Probably about 18 months old, the little one was short and rather round. She had six front teeth on top and bottom, and short hair which someone had managed to corral into a pony tail that stuck straight up about three inches off her head.
I held the the now very calm child in my arms for a couple minutes before she started to appear rather sleepy. I eased her down to a lying position, as one would hold a newborn, and minutes later she was snoring slightly, her pudgy hand flung up over her little nose.
40 minutes later, the service ended and the kids poured out of the tiny classroom into the bright sun. It was 4pm and time for lunch. And still the baby slept.
Fairly certain that when the baby´s mother wanted her, she would know where to find her, I took a seat at one of the long white tables and ate the cup of bean soup that was handed to me. I chatted with the little ones seated around me, and brushed the baby´s short hair to one side with the hand that was not supporting her weight on my lap.
The little one had been asleep more than an hour when I finshed my beans and Fanta.
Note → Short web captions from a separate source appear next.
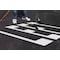 Rae Preformed Thermoplastic Pavement Markings, Thermoplastic, 8 ft Length, 6 1/8 ft Width, White PR-TH-3636 - alternate 3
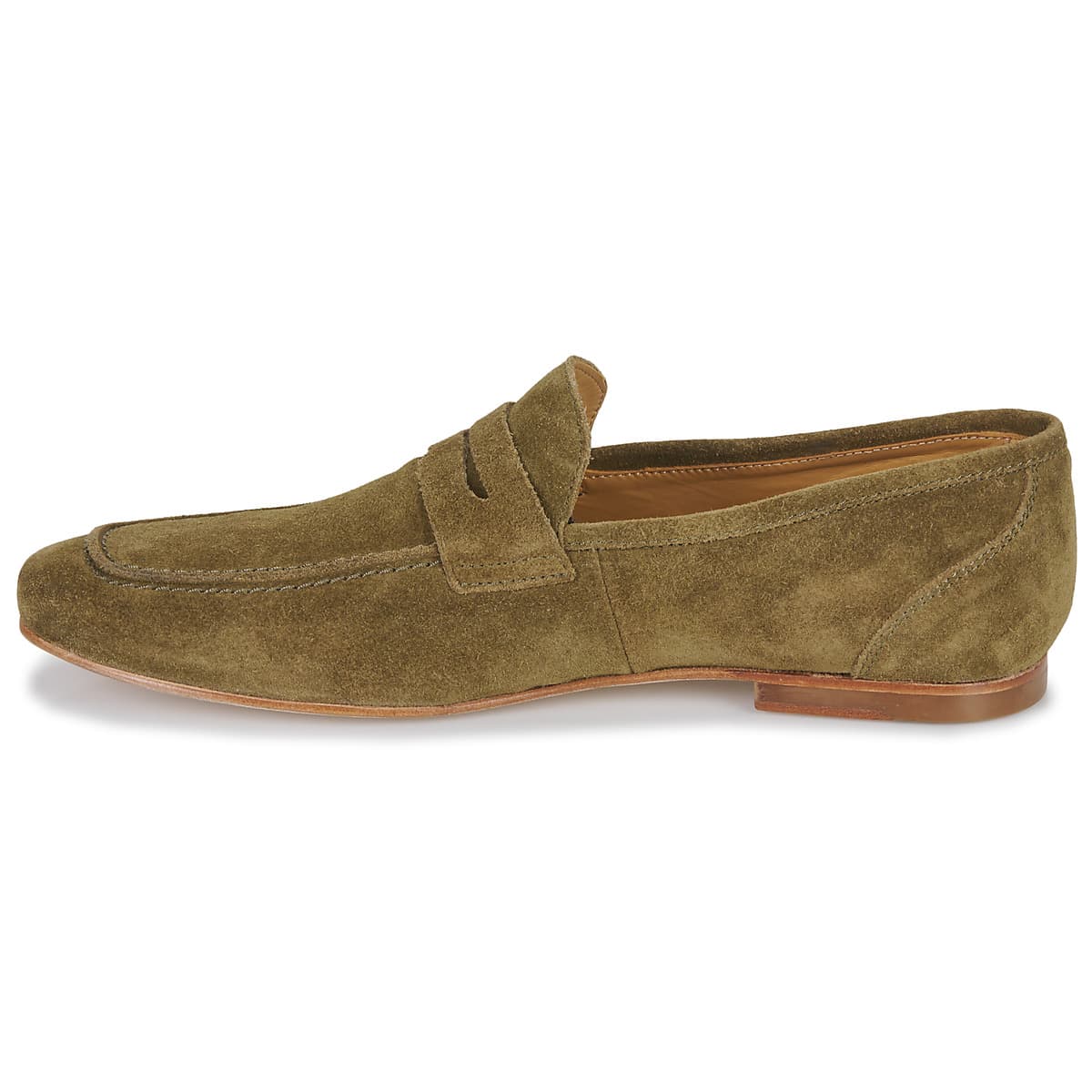 Men's Loafers Pellet Khaki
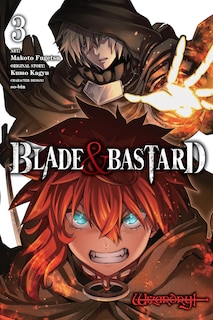 Couverture_Blade & Bastard, Vol. 3 (manga)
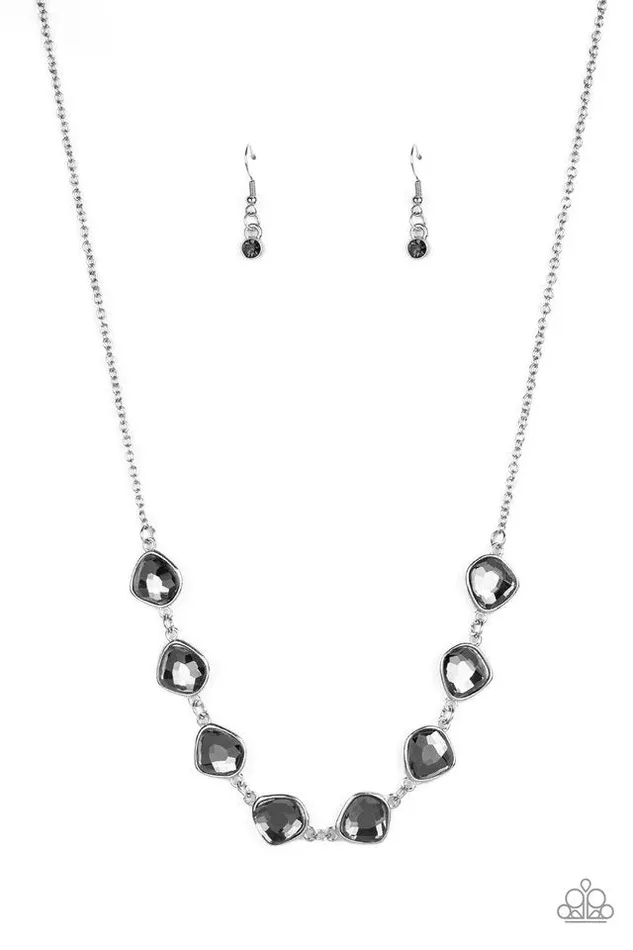 Necklaces Paparazzi Jewelry Paparazzi Necklace The Imperfectionist Silver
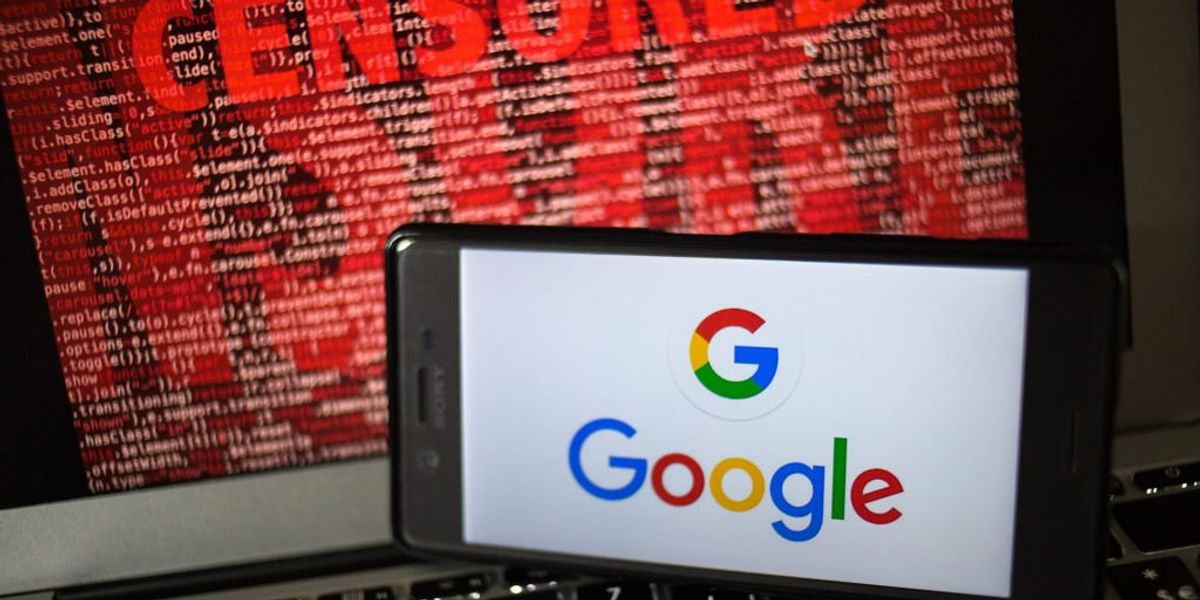 How Google's newest Orwellian censorship tool will destroy democracy ...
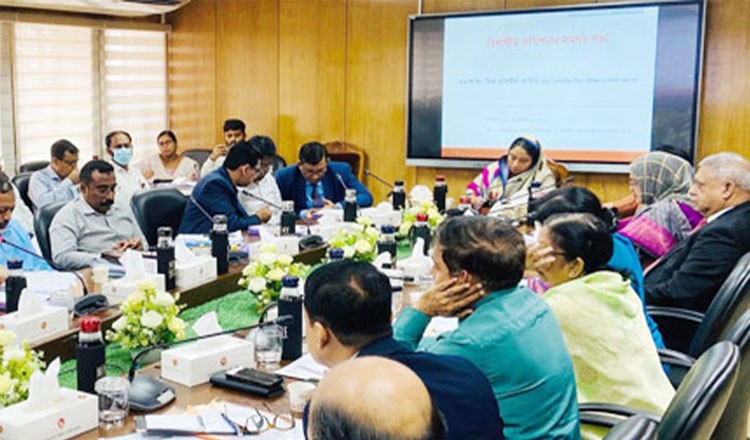 উন্নয়ন পরিকল্পনায় বিমান এবং পর্যটন খাত নিয়ে বিভাগীয় কমিশনারদের সঙ্গে বৈঠক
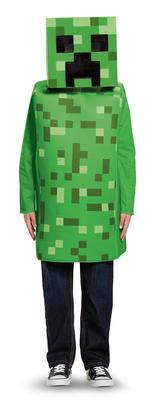 Maskovací kostým Creeper Classic Minecraft Medium 65642K (7-8)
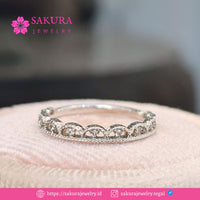 Diamond Rings Code D5X0XA Berlian Natural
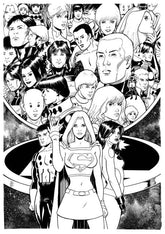 DC Comics Graphic Novel LEGION OF SUPER-HEROES BY MARK WAID & BARRY KITSON OMNIBUS HC (Release Date: 12/08/2026) 9781799509752 0826DC0303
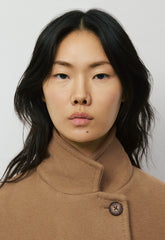 The Slouch™ Coat - Soft Wool Cashmere - COCOA SAND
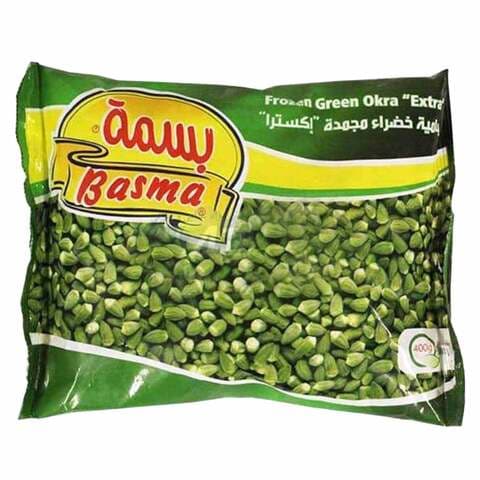 Basma Frozen Green Okra 400g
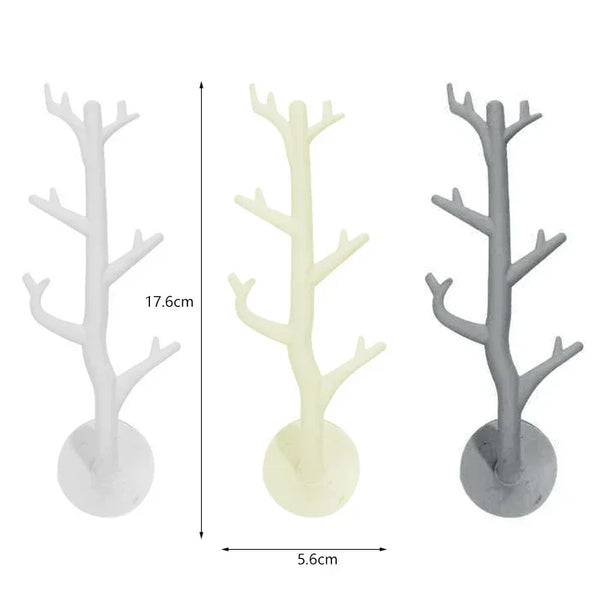 Branch Wall Hook | Decorative Key Holder and Organizer - POUEV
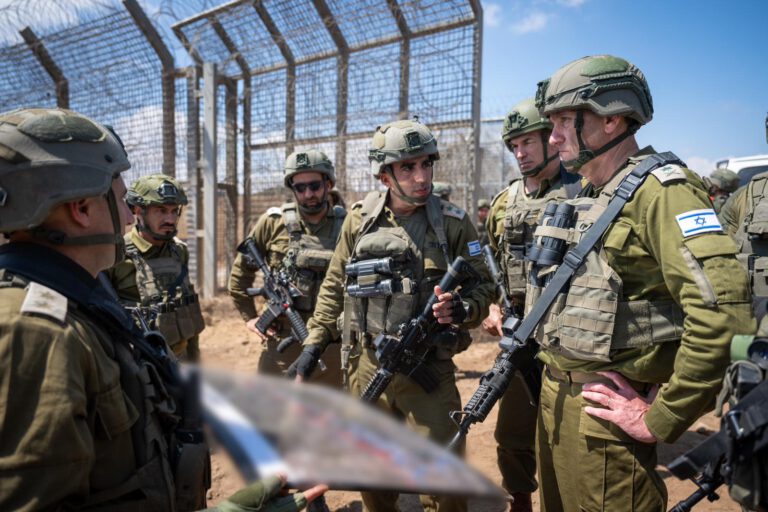 Bedrohung im Norden Israels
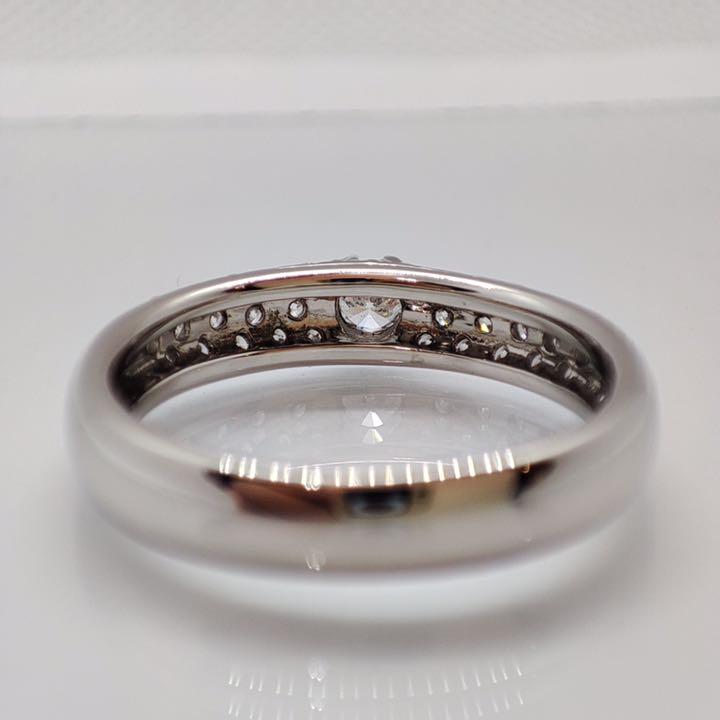 新品仕上げ済 ダイヤ リング 神楽坂宝石 kLDi1-m51016749964 MIKIMOTO ミキモト Pt950 好評HOT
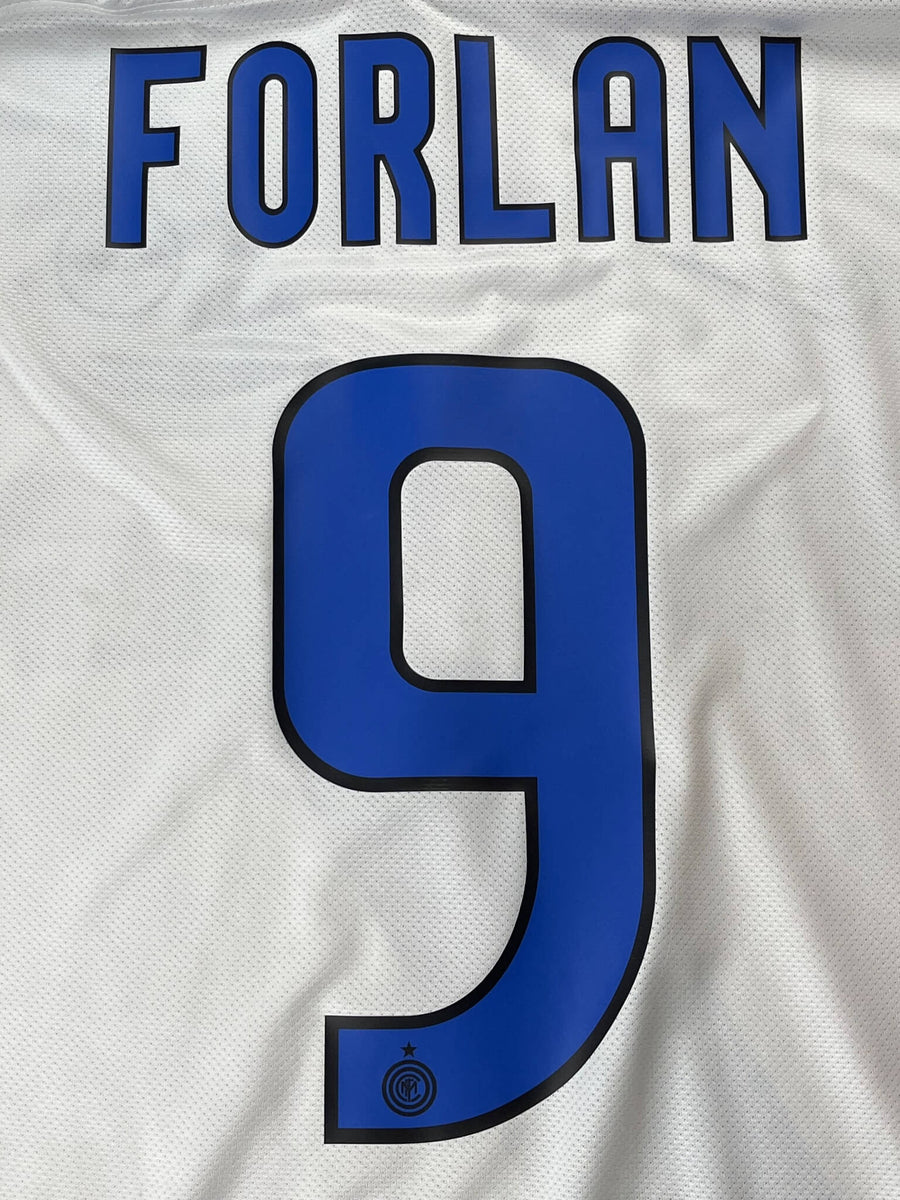 2011/12 Inter Milan Forlan #9 Away Shirt (M)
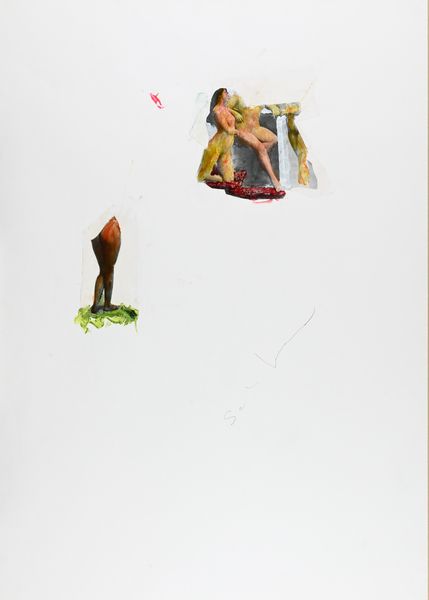 MARIO SCHIFANO : Senza titolo  - Asta Asta di Arte Moderna e Contemporanea  - Associazione Nazionale - Case d'Asta italiane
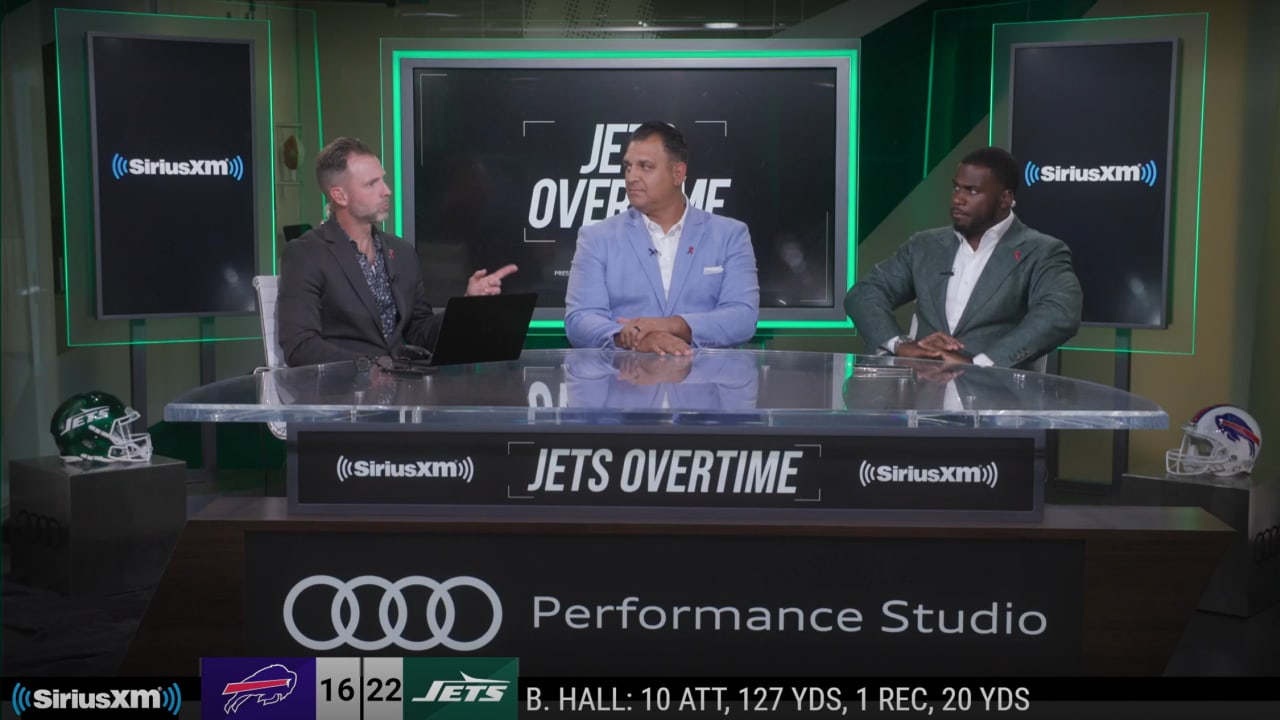 Jets Overtime presented by SiriusXM, Jets vs. Bills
I glanced around, wondering idly to which woman the little one belonged to, when her little hands jerked up to her face and she rubbed her eyes open sleepily.
I righted her on my lap and looked around me, wondering if now that she was awake, the child´s mother, or aunt, or father, or sister, would claim her. Seeing no one coming forth, I leaned forward and asked the young girl across the table if the knew who the baby´s mother was.
The girl, probably about 15 years old, looked at my quizically, “No…” she paused, then she said, “I thought you were her mother·”
Minutes later, I had returned the little girl to her real mother (whom I had located quite easily), and was in the kitchen helping dish out cake. But even as I passed out napkin-fulls of rich chocolate cake, I kind of missed the little baby girl.
p.s. We are having some internet issues, which will hopefully be resolved by next weekend. So If I am posting less frequently than normal, don´t worry!